* [WORK TO BE COMPLETED] Only one stretch of the data below is needed: the line with "Aluminum Sheet Metal" through the last line. Output it exactly and drop the pictures.

RECORDS FOR THIS EXERCISE START

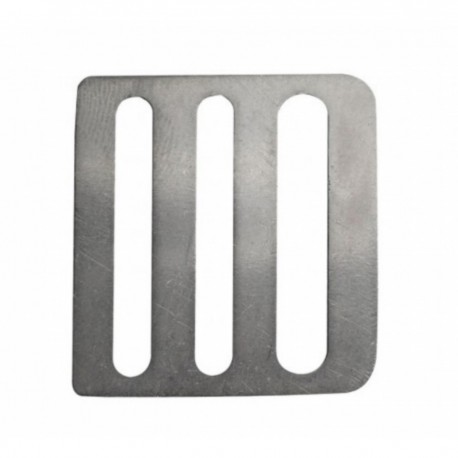 Stainless Steel Three Step Buckle - Douglas Marine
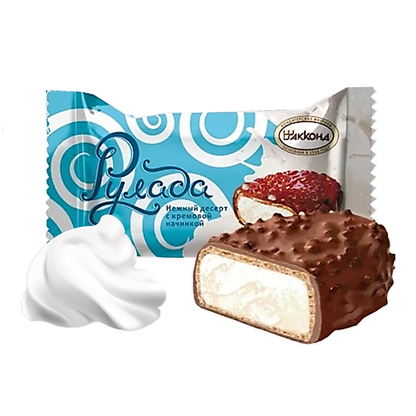 Candy Choco Dessert Rulada with Cream – 1lb (454g)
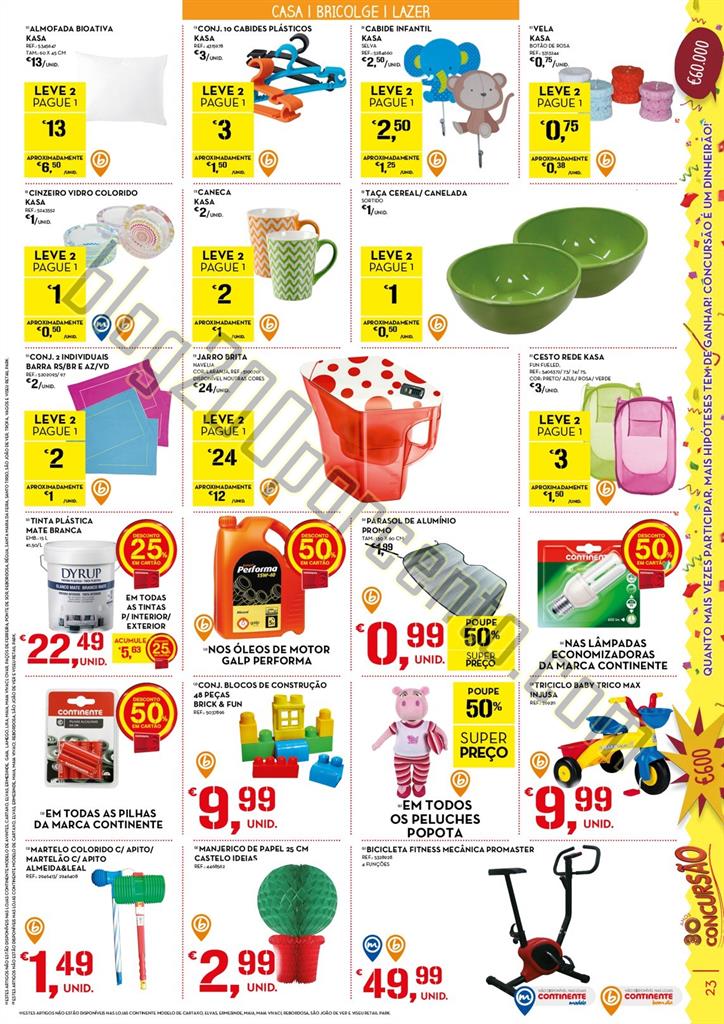 Antevisão Folheto CONTINENTE Promoções de 16 a 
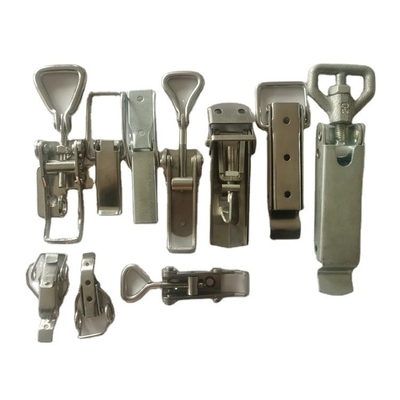 Aluminum Sheet Metal Stamping Custom Made Toggle Latch Hardware for Aluminum Products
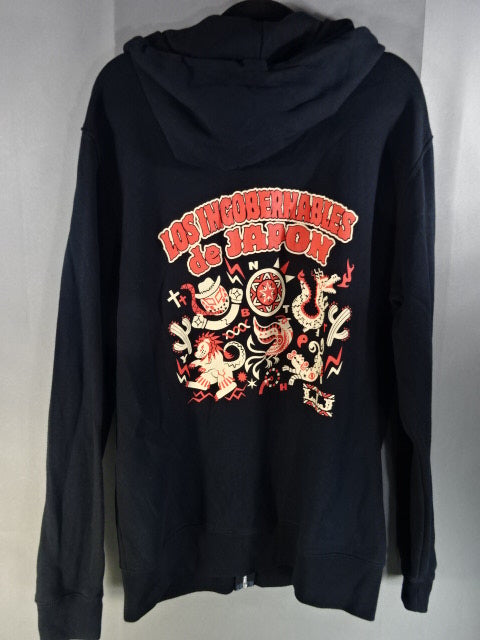 Mural de L.I.J. Zip Hoodie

RECORDS FOR THIS EXERCISE END

* [WRITTEN RESPONSE]
 Aluminum Sheet Metal Stamping Custom Made Toggle Latch Hardware for Aluminum Products
 Mural de L.I.J. Zip Hoodie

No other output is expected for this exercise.